Information shown
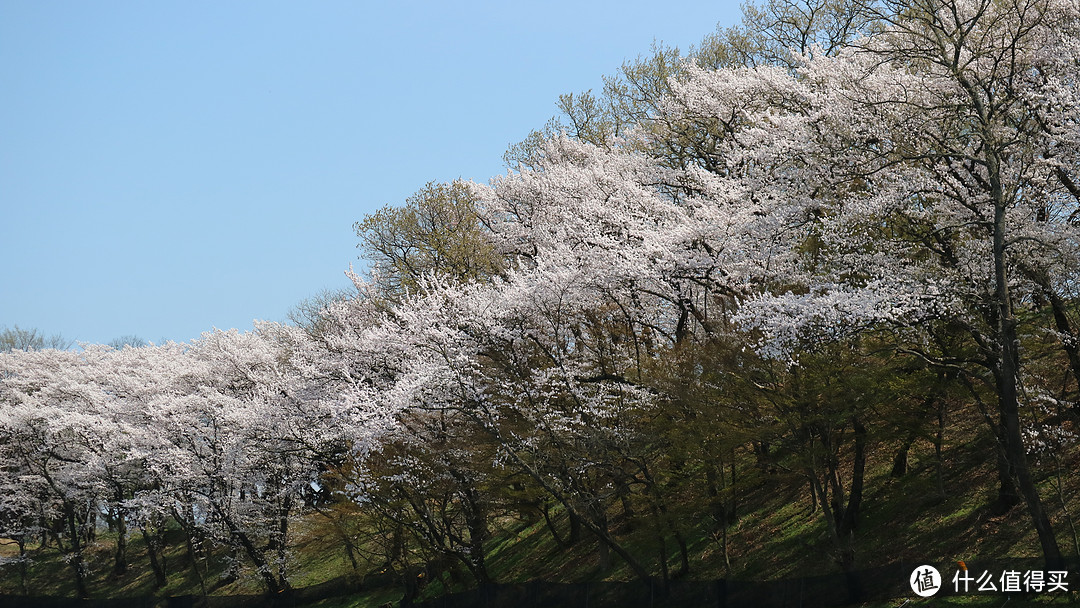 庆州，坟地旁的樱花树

---

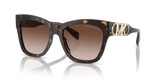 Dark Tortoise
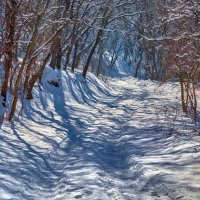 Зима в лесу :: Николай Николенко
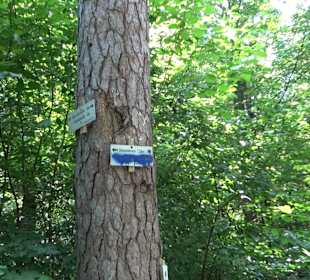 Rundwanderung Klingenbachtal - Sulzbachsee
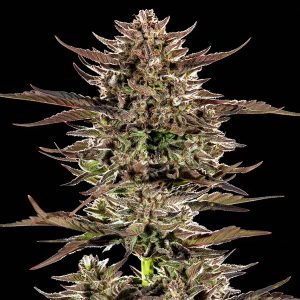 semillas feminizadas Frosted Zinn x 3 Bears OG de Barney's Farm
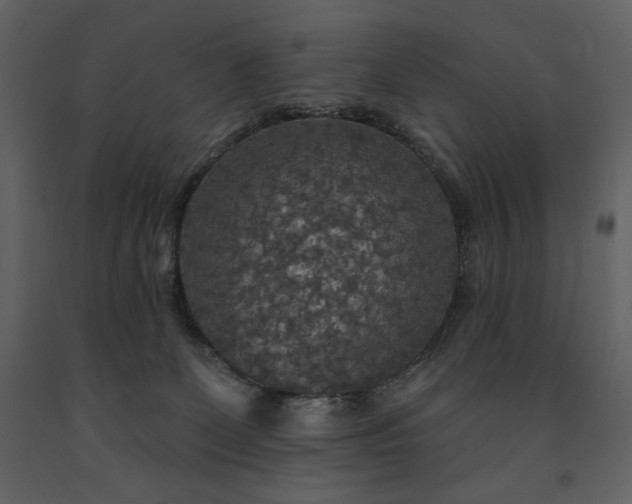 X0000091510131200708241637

Requirement
Give back the exact lines above, running from the one that has "Зима в лесу :: Николай Николенко" through the one that has "X0000091510131200708241637", with nothing added and no pictures.

Your solution
 Зима в лесу :: Николай Николенко
 Rundwanderung Klingenbachtal - Sulzbachsee
 semillas feminizadas Frosted Zinn x 3 Bears OG de Barney's Farm
 X0000091510131200708241637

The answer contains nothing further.